März in dem Werk einer seiner Angehörigen, MARCOS ANTONIO
PEDRO,
bei einem schrecklichen Unfall ums Leben gekommen
war. Und als ob das noch nicht genug wäre, erklärte
CARGILL später, dass sein Tod nicht auf einen
Unfall zurück zu führen sei, sondern Selbstmord
gewesen sei.
CARGILL
gibt damit dem Opfer die Verantwortung und verletzt
so noch einmal die Kultur und das Empfinden der
Terena.
Zum Anderen belegte die Kundgebung erfolgreich die
Bestürzung und Unzufriedenheit der Kolleginnen und
Kollegen wegen der zahlreichen Arbeitsunfälle und
arbeitsbedingten Krankheitsfälle im Werk Sidrolandia,
angesichts derer das transnationale Unternehmen
dieselben Methoden gebraucht wie nach dem Tod von
Marcos Antonio Pedro. Wir konnten vor Ort
einen typischen Fall beobachten: die Kündigung aus
einem berechtigten Grund (und ohne Rechtsansprüche)

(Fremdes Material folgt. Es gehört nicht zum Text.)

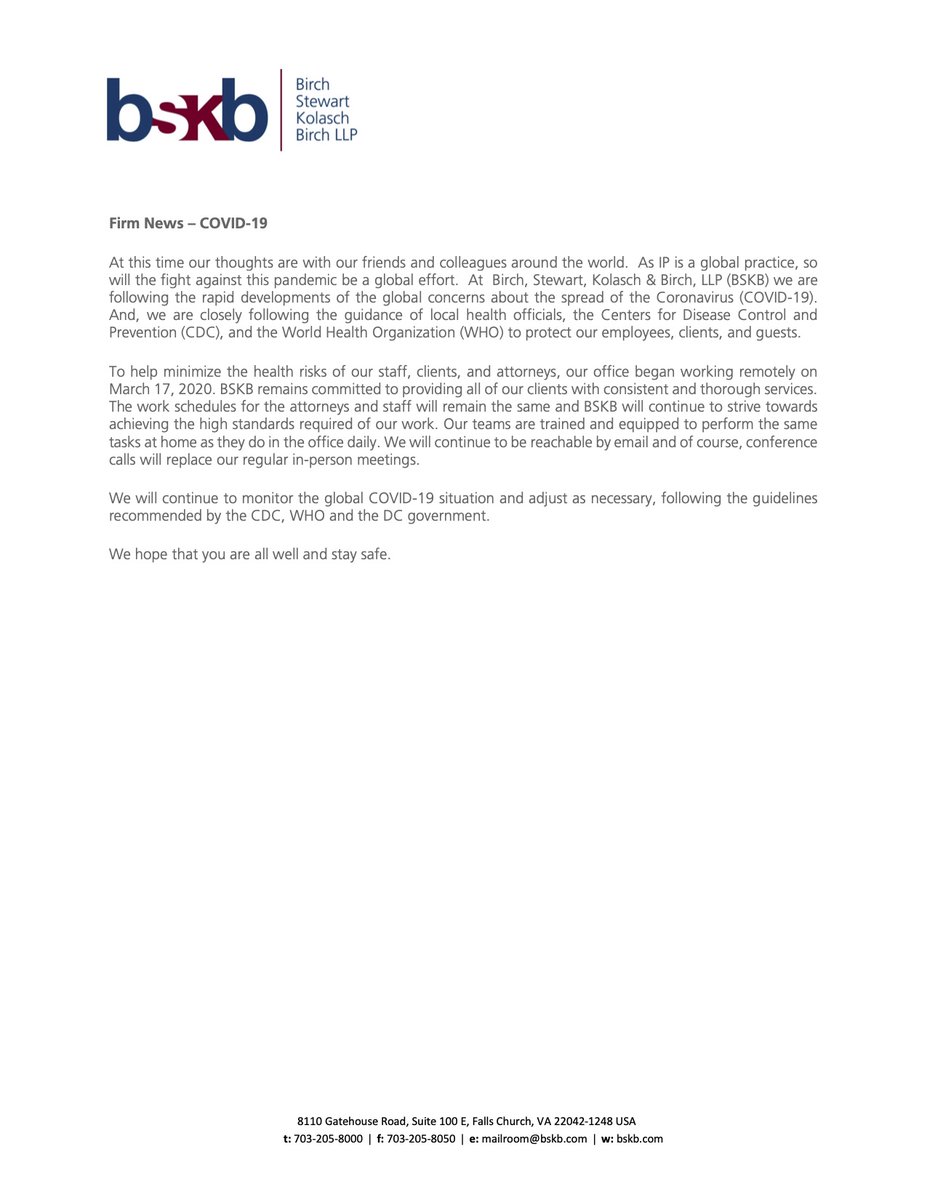 Birch, Stewart, Kolasch & Birch, LLP Falls Church, VA Office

einer schwangeren Arbeitnehmerin, obwohl schwangere
Frauen nach brasilianischem Recht Kündigungsschutz
genieβen.
-Wann liegt ein berechtigter Kündigungsgrund vor?
Etwa bei einem schweren Verstoβ
wie z.B. einem Diebstahl?
-Ja,
oder wenn das Unternehmen den Beschäftigten
betrunken am Arbeitsplatz vorfindet, oder bei
ähnlich schwerwiegenden Verstöβen.
Bei CARGILL ist es nun so, dass die Firma
ganz genau weiβ,
dass sie vor Gericht alle Prozesse mit dieser
Begründung verlieren wird. Deshalb wandelt sie zu
einem späteren Zeitpunkt die gerechtfertigte
Kündigung ohne Ansprüche um in eine Kündigung mit
Rechtsansprüchen, allerdings ohne der verunglückten
Person oder der schwangeren Frau ihren stabilen
Arbeitsplatz zurück zu geben. Damit schafft sich die
Firma diese Beschäftigten vom Hals, wie sie es von
Anfang an vorhatte.
-Ist das so üblich in Brasilien?
-Nein, in der Lebensmittelindustrie ist es das
einzige Unternehmen, das so vorgeht, um sich aus
seiner Verantwortung gegenüber kranken und
verletzten Kolleginnen und Kollegen zu stehlen.
Wenn ein Unternehmen so mit Kranken und Schwangeren
verfährt, kann man sich vielleicht vorstellen, wie
mit den Arbeitnehmerinnen und Arbeitnehmern in der
Fabrik umgegangen wird.
-Zum Abschluss der Kundgebung wurde einstimmig ein
Forderungskatalog für Verhandlungen mit der Firma
und dem nationalen Beschäftigtenkomitee von CARGILL
angenommen. Was sind seine wichtigsten Punkte?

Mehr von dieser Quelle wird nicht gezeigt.